- Usually, how are lessons organized?
- Are lessons given privately or in group?
- How much time do I have to practice every day?
- What are the prerequisites for playing the harp?
- At what age should a child start learning the harp?
- Can you give lessons at students' home?
- Can we take lessons every two weeks?
- Is it true that we must keep our nails short, and that our fingers can get rough because of the pick?
- If I want to buy a harp how many strings should it have?
- What are the difference between the lever and pedal harp?
- Can we take part in a concert?
Q. Usually, how are lessons organized?
Harp lessons entail exercises to master harp techniques and practice scales so as to make the muscles of your hands suppler. You will have some great pieces to prepare, whatever your level. I think it is important that each lesson include some music theory, solfege or musical dictation.
Q. Are lessons given privately or in group?
Since each student is at a different level, lessons are given privately. This way I can give you all of my attention and enable you to advance at your own pace. However, in parallel with private lessons, it is possible to participate in chamber music classes with other students.
Q. How much time do I have to practice every day?
I recommend 30-60 minutes of practice per day, which will keep you progressing and encourage you to improve. It all depends on your goals.
Q. What are the prerequisites for playing the harp?
The only prerequisite is your interest in learning and music. No basic skills are required. Only motivation!
Q. At what age should a child start learning the harp?
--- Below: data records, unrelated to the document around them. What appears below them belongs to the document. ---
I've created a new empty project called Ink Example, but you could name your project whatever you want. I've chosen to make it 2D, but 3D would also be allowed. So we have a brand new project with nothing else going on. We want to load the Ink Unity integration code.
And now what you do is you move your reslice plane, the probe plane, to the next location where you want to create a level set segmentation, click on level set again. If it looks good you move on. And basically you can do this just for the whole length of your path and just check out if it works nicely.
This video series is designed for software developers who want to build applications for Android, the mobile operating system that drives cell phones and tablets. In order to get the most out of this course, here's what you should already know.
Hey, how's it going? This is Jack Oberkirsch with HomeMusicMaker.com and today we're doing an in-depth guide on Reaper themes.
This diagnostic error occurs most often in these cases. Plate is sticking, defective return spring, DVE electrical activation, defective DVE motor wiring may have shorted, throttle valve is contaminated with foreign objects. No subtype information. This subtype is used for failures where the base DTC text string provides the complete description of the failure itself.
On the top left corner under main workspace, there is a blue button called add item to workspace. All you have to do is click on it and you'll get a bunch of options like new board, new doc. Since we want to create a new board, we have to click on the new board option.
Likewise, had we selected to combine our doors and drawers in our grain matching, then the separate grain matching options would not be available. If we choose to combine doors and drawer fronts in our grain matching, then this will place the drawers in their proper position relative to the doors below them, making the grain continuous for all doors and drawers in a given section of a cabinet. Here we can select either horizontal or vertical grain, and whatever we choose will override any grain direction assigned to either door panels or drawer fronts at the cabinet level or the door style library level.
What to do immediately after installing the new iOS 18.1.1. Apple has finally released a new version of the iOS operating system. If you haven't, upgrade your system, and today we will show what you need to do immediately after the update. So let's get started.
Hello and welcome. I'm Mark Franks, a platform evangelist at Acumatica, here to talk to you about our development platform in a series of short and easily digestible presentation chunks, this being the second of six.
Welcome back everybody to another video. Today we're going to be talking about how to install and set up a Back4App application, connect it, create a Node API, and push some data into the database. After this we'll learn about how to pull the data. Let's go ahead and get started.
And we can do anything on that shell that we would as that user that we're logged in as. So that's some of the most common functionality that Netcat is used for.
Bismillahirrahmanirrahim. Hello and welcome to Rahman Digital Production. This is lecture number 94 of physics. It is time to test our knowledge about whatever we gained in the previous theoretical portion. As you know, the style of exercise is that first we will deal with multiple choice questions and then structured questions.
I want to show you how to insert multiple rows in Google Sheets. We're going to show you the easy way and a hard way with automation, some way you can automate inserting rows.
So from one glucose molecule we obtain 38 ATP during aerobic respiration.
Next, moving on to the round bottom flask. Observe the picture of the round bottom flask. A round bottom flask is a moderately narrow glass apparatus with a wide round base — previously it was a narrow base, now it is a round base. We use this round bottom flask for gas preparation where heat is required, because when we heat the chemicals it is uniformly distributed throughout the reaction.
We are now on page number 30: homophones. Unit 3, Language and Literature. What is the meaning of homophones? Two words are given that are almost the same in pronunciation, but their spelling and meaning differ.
The harp is an instrument that requires fine motor skills, which young children have not yet developed. I think starting at the age of seven or eight is just about right.
Q. Can you give lessons at students' home?
Lessons are given at my place because all the necessary equipment is within reach. You don't have to bring your own musical instrument.
Q. Can we take lessons every two weeks?
Yes, it's possible but my experience is that taking lessons every two weeks or from time to time will not allow a beginner to learn the harp's complex techniques very fast. A weekly follow-up is necessary if the student wants to make some progress, and it is also more motivating.
Q. Is it true that we must keep our nails short, and that our fingers can get rough because of the pick?
Long hours of practice can thicken the skin of the fingers, but it is hard to see. It is true though that short fingernails are a must; otherwise fingernails will get caught in the strings, something you do not want to happen.
Q. If I want to buy a harp how many strings should it have?
A Celtic harp has between 22 and 40 strings compared to 40 to 47 for the pedal harp. If you get lever harp, my suggestion is that it have 34 strings; this way you will not to be limited in your choice of pieces and will offer you an interesting note range.
Q. What are the difference between the lever and pedal harp?
The way to make accidentals (flats and sharps) is the main thing that distinguishes these two types of harps. The Celtic harp has levers that are manually activated whereas in the grand harp accidentals are achieved by using your feet to activate the pedals.
Q. Can we take part in a concert?
Yes, you can participate to a student concert at the end of the session; assuming sufficient participants.